● **Short web captions**:
=== Section Start ===

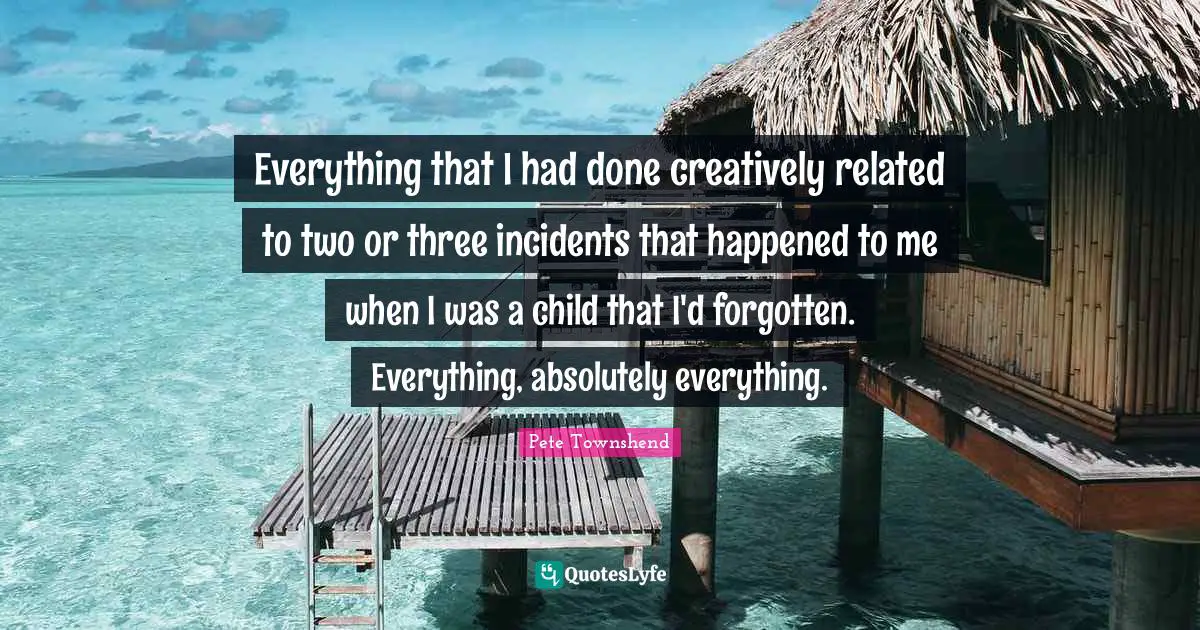 Pete Townshend Quotes: "Everything that I had done creatively related to two or three incidents that happened to me when I was a child that I'd forgotten. Everything, absolutely everything."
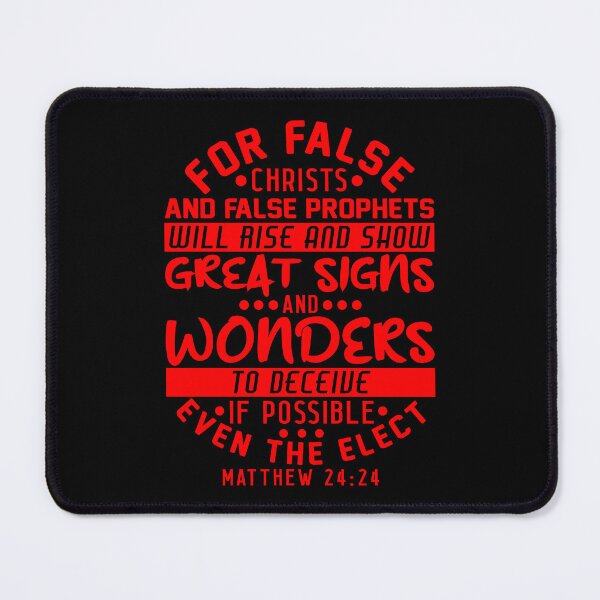 Item preview, Matthew 24:24 False Christs And False Prophets designed and sold by plushism.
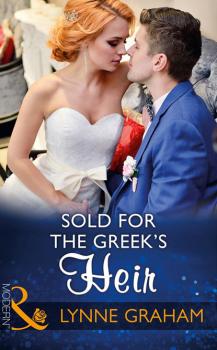 Читать Sold For The Greek's Heir - Lynne Graham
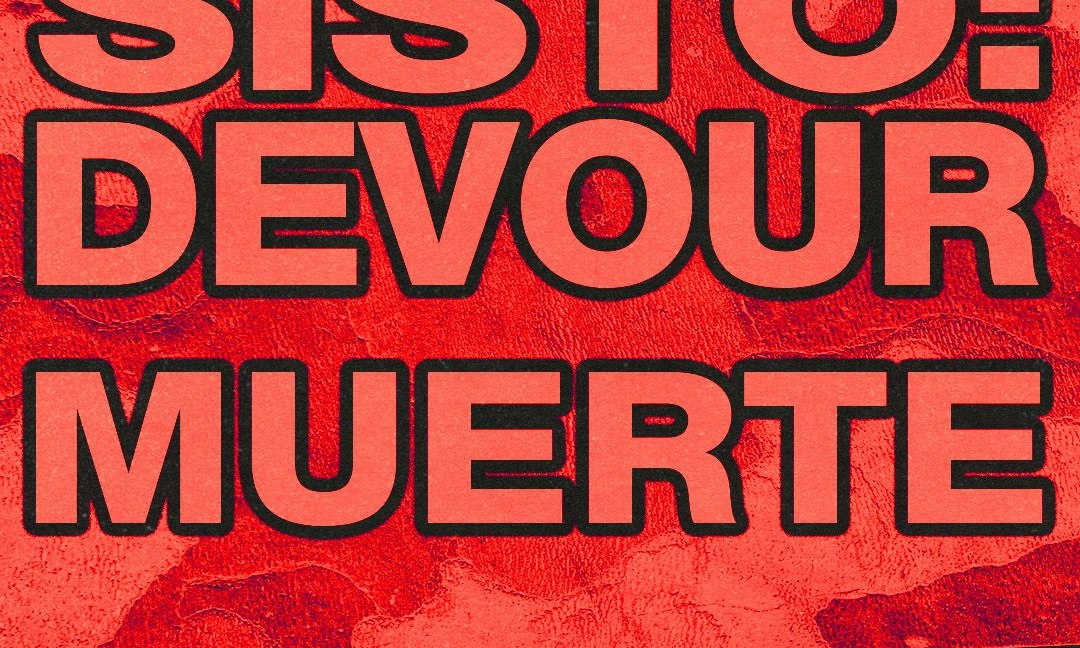 Source image — Hostile presents SISTO: DEVOUR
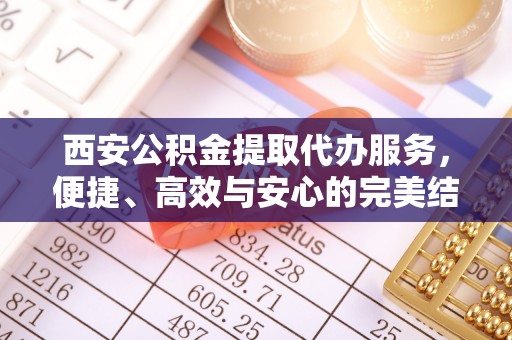 资金西安公积金提取代办服务，便捷、高效与安心的完美结合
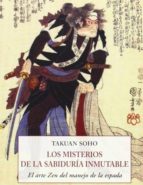 MISTERIOS DE LA SABIDURÍA INMUTABLE, LOS, de TAKUAN SOHO | portada del libro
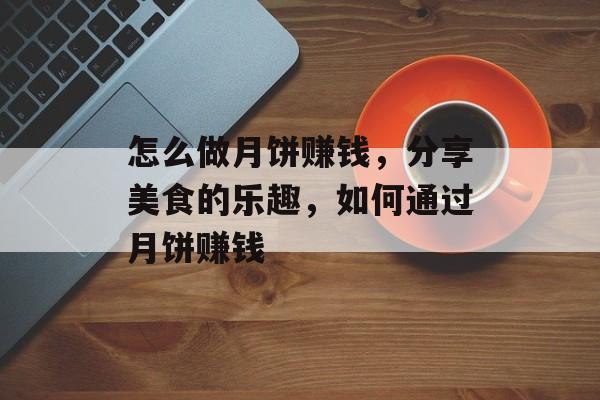 怎么做月饼赚钱,分享美食的乐趣,如何通过月饼赚钱 怎么做月饼赚钱,分享美食的乐趣,如何通过月饼赚钱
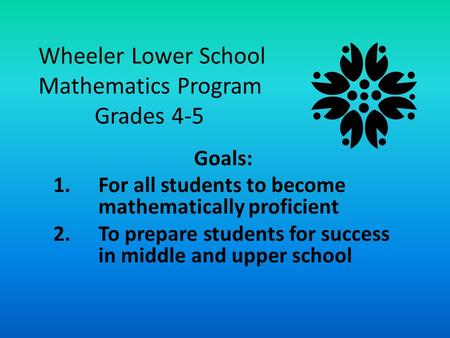Wheeler Lower School Mathematics Program Grades 4-5 Goals: 1.For all students to become mathematically proficient 2.To prepare students for success in.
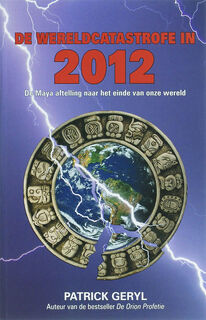 De wereldcatastrofe in het jaar 2012 - P. Geryl (ISBN 9789078070061)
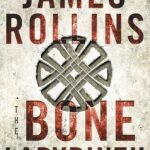 The Bone Labyrinth By James Rollins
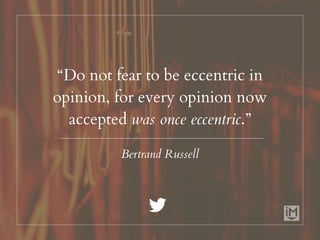 “Do not fear to be eccentric in
opinion, for every opinion now
accepted was once eccentric.”
Bertrand Russell
 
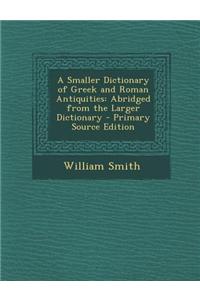 A Smaller Dictionary of Greek and Roman Antiquities: Abridged from the Larger Dictionary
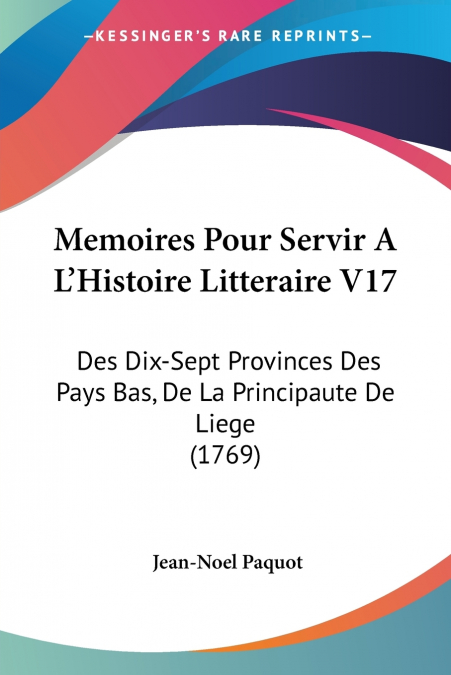 Memoires Pour Servir A L’Histoire Litteraire V17
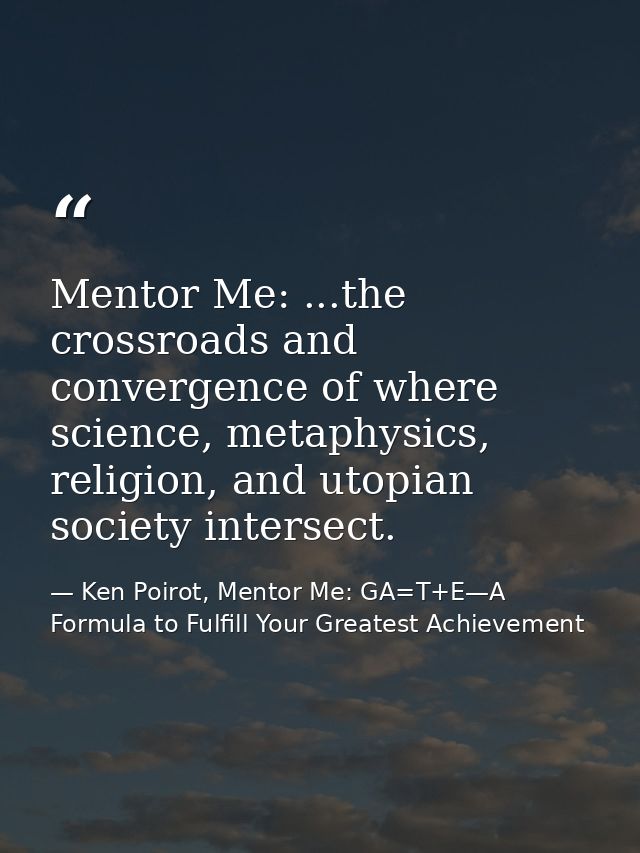 Mentor Me: ...the crossroads and convergence of where science, metaphysics, religion, and utopian society intersect. — Ken Poirot, Mentor Me: GA=T+E—A Formula to Fulfill Your Greatest Achievement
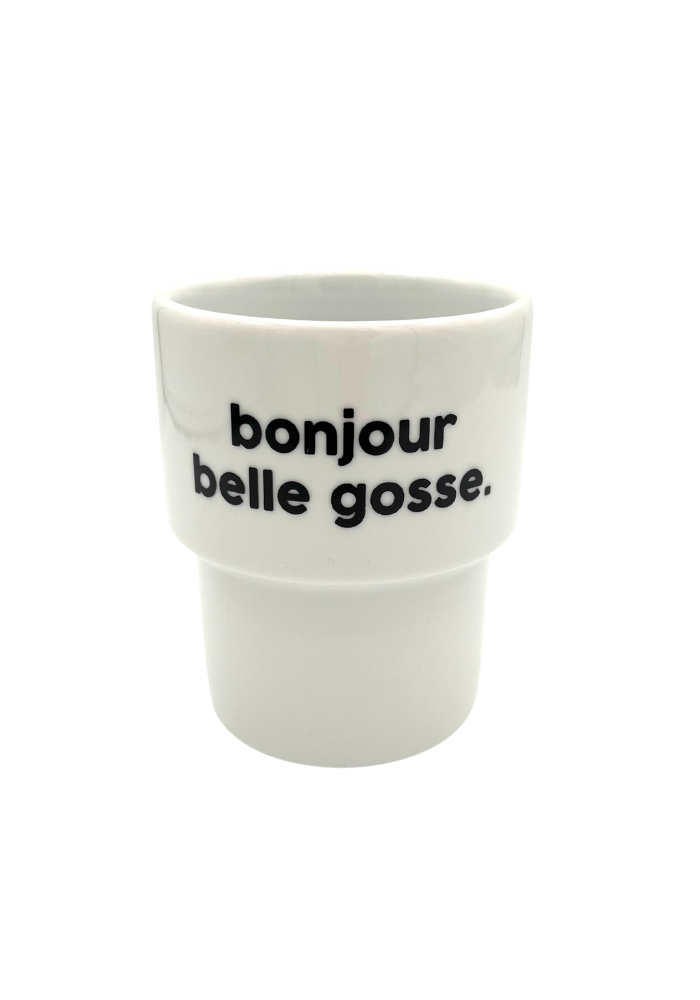 Gobelet Bonjour Belle Gosse - Félicie Aussi
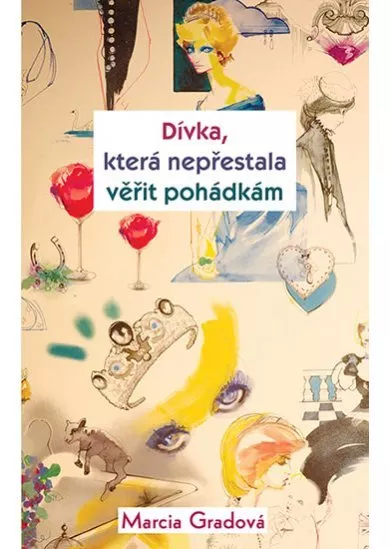 Dívka, která nepřestala věřit pohádkám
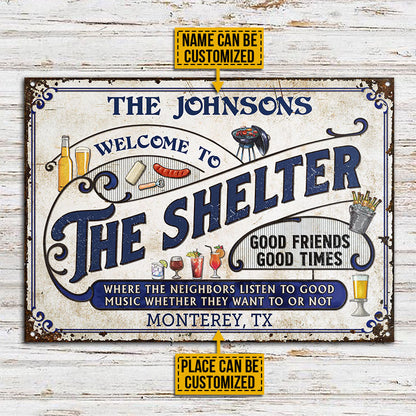 Shelter Grilling Blue Listen To The Good Music Custom Classic Metal Signs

=== Section End ===

● **ACTIVITY**: Output the entries exactly as they appear, with no pictures included.

● **ANSWER TO THE EXERCISE**:
 Pete Townshend Quotes: "Everything that I had done creatively related to two or three incidents that happened to me when I was a child that I'd forgotten. Everything, absolutely everything."
 Item preview, Matthew 24:24 False Christs And False Prophets designed and sold by plushism.
 Читать Sold For The Greek's Heir - Lynne Graham
 Source image — Hostile presents SISTO: DEVOUR
 资金西安公积金提取代办服务，便捷、高效与安心的完美结合
 MISTERIOS DE LA SABIDURÍA INMUTABLE, LOS, de TAKUAN SOHO | portada del libro
 怎么做月饼赚钱,分享美食的乐趣,如何通过月饼赚钱 怎么做月饼赚钱,分享美食的乐趣,如何通过月饼赚钱
Wheeler Lower School Mathematics Program Grades 4-5 Goals: 1.For all students to become mathematically proficient 2.To prepare students for success in.
 De wereldcatastrofe in het jaar 2012 - P. Geryl (ISBN 9789078070061)
 The Bone Labyrinth By James Rollins
 “Do not fear to be eccentric in
opinion, for every opinion now
accepted was once eccentric.”
Bertrand Russell
 
 A Smaller Dictionary of Greek and Roman Antiquities: Abridged from the Larger Dictionary
 Memoires Pour Servir A L’Histoire Litteraire V17
 Mentor Me: ...the crossroads and convergence of where science, metaphysics, religion, and utopian society intersect. — Ken Poirot, Mentor Me: GA=T+E—A Formula to Fulfill Your Greatest Achievement
 Gobelet Bonjour Belle Gosse - Félicie Aussi
 Dívka, která nepřestala věřit pohádkám
 Shelter Grilling Blue Listen To The Good Music Custom Classic Metal Signs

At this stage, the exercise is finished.